Expanding knowledge of uterine electrophysiology

This project brought together experimental, clinical, and computational expertise to advance understanding of uterine smooth-muscle function. By combining electrical and mechanical measurements with mathematical modelling, the team explored how cellular-level processes contribute to tissue- and organ-level activity in the uterus.

Non-invasive electrical-measurement technologies were developed to help identify and potentially prevent a range of uterine function issues.
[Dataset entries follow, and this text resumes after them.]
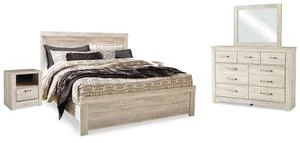 Bellaby King Panel Bed, Dresser, Mirror and 2 Nightstands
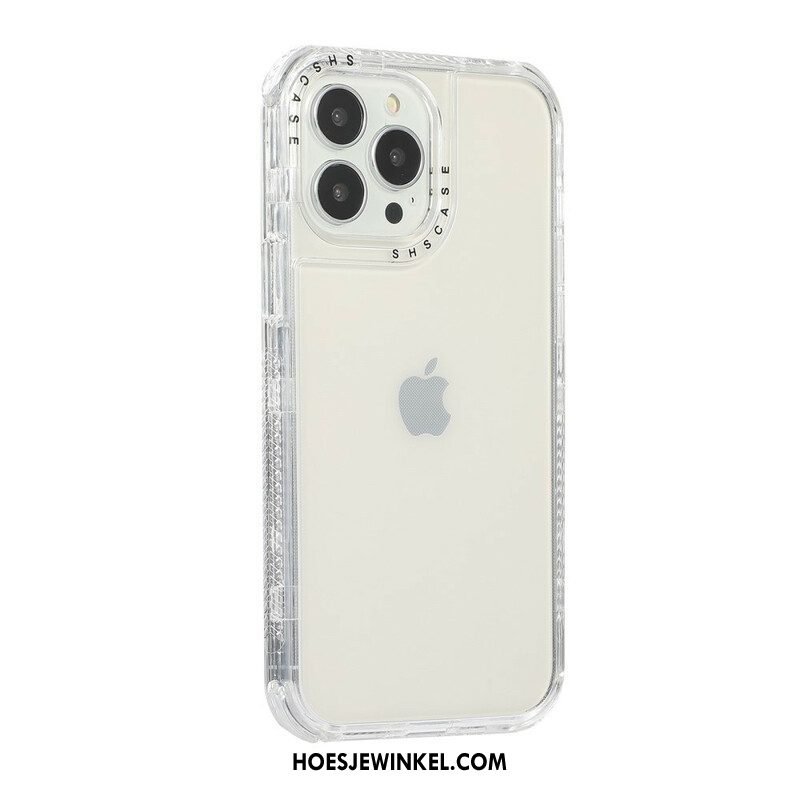 Hoesje voor iPhone 13 Pro Transparant Getint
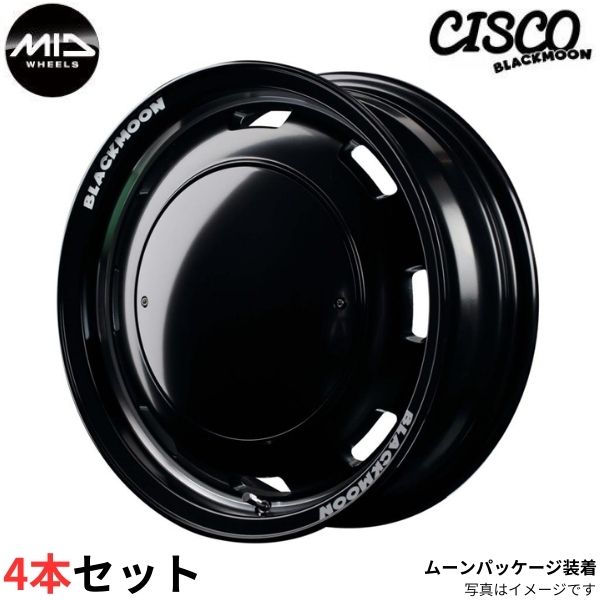 マルカ ホイール ガルシア シスコ ブラックムーン ハイエース/レジアスエース MID 【15×6.0J 6-139.7 INSET33 セミグロスブラック】 4本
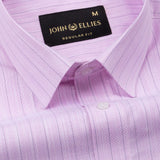 Tonner Lavender Stripe Cotton Shirt - John Ellies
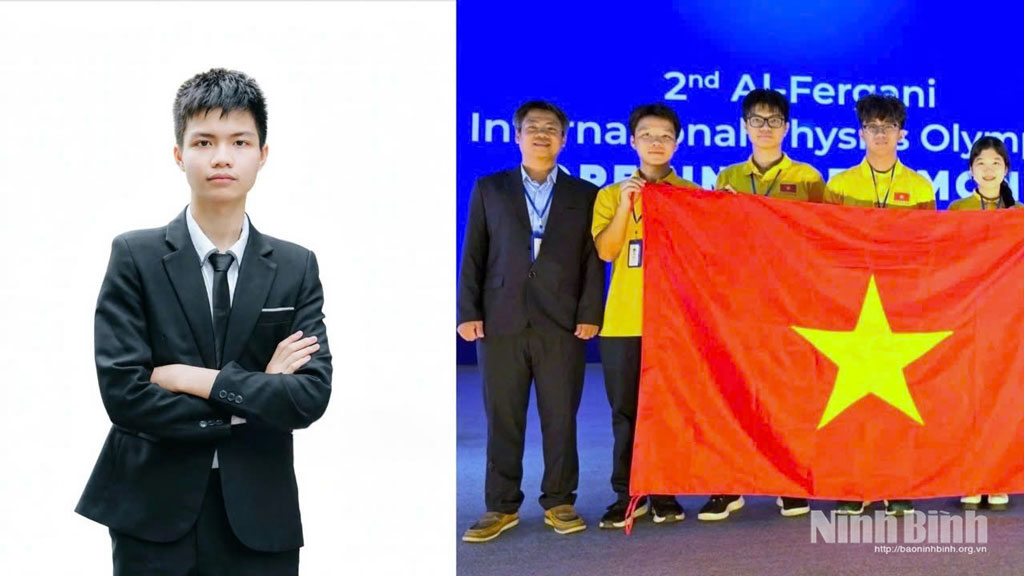 Em Lê Bá Tuấn Việt giành 2 tấm Huy chương Vàng quốc tế môn Vật lý và Thiên văn học.
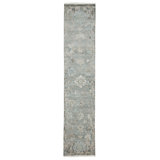 Aketzalli Hand Knotted Oriental Area Rug in Green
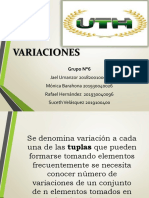 VARIACIONES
In-vivo electrophysiological measurements were performed to provide reference data for computational models and to validate non-invasive human techniques. These studies captured both surface and internal organ electrical activity, supported by scans describing the body surface, uterine anatomy, and internal contents.

The resulting datasets informed computational models designed to capture and predict uterine electrical and mechanical activation patterns.

By integrating experimental, imaging, and computational data, the project built databases and modelling tools capable of rapidly representing the unique anatomy and electrical activity of individual patients. These resources enabled:

• Non-invasive surface scans of uterine electrical activity.
• Internal imaging to extend general anatomical scaffolds into personalised organ models.
• Computational simulations to predict individual uterine behaviour.
• Clinician-ready databases and interfaces for diagnostic and predictive workflows.

These developments aimed to allow clinicians and patients to track pregnancy-related issues and identify abnormalities using rapid, non-invasive methods.

At the cellular level, smooth-muscle cells (uSMCs) were a primary focus. The team developed a fast and accurate electrico-mechanical model of uSMC activity, released openly through the Physiome Repository.

Based on a publication in PLOS Computational Biology, a simplified uSMC model was also made available via the OpenCOR simulation environment, allowing researchers to simulate electrical input and response dynamics in uterine tissue.

Together, these models contributed to a growing framework for whole-organ simulations, linking fundamental cellular mechanisms with large-scale uterine behaviour and enabling prediction of potential physiological issues before they arise.